Your job with the data below: print everything from the line that holds "Silver Leather Counter" down to the line that holds "Urolithin A vs", ends included, exactly, and nothing else.

### [Entries provided]

· · ·

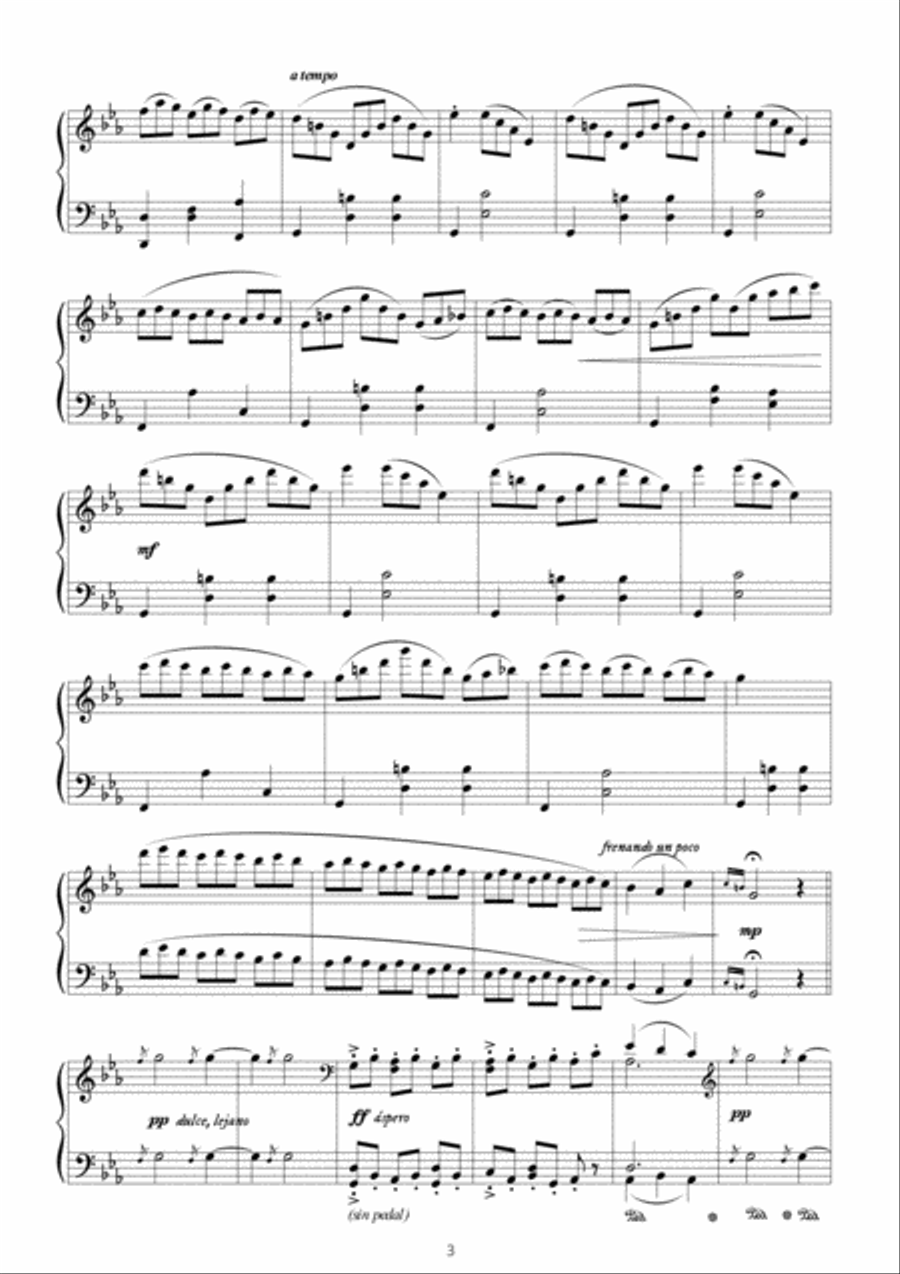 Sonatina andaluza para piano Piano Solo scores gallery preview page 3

· · ·

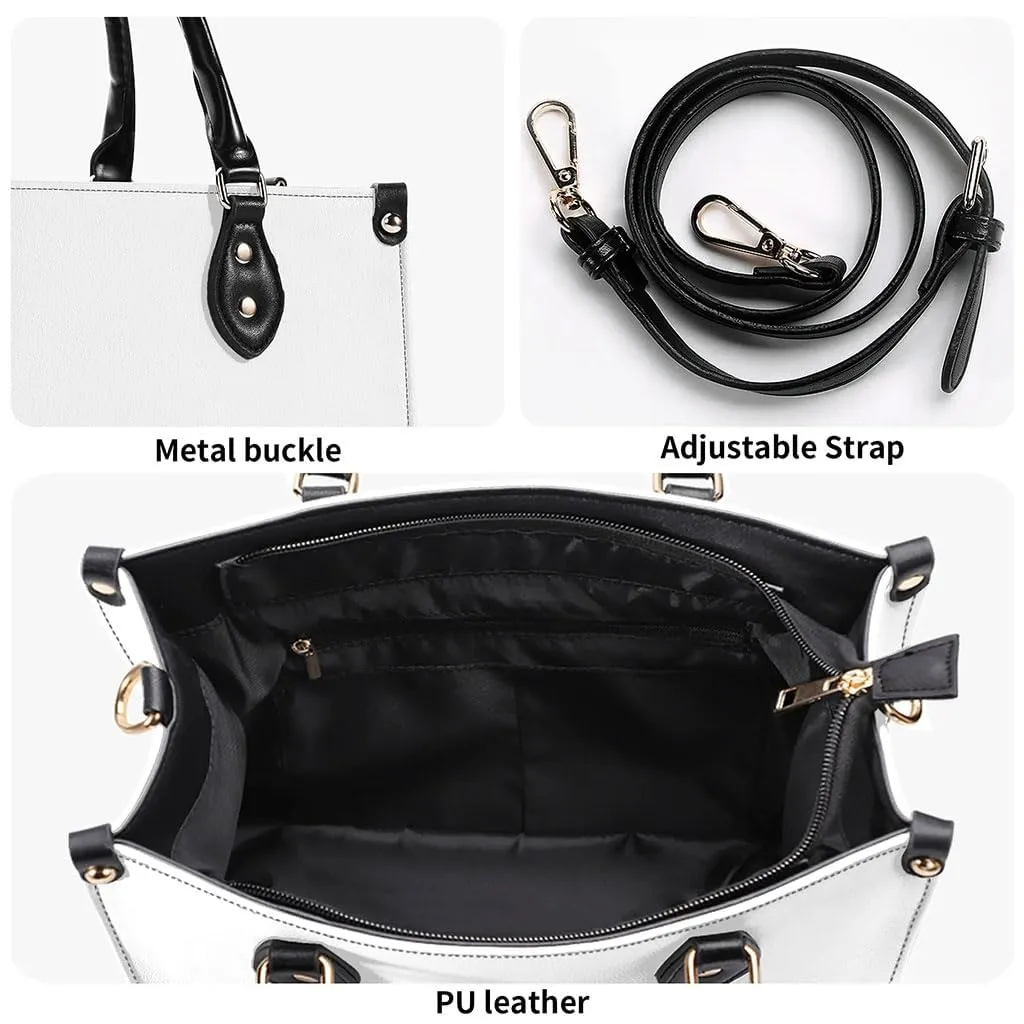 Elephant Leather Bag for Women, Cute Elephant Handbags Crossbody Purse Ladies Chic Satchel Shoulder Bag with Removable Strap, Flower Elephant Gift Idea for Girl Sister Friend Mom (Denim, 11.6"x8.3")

· · ·

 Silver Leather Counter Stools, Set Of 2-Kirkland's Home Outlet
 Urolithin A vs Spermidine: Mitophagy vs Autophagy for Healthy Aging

· · ·

### [Solution for this exercise]
 Silver Leather Counter Stools, Set Of 2-Kirkland's Home Outlet
 Urolithin A vs Spermidine: Mitophagy vs Autophagy for Healthy Aging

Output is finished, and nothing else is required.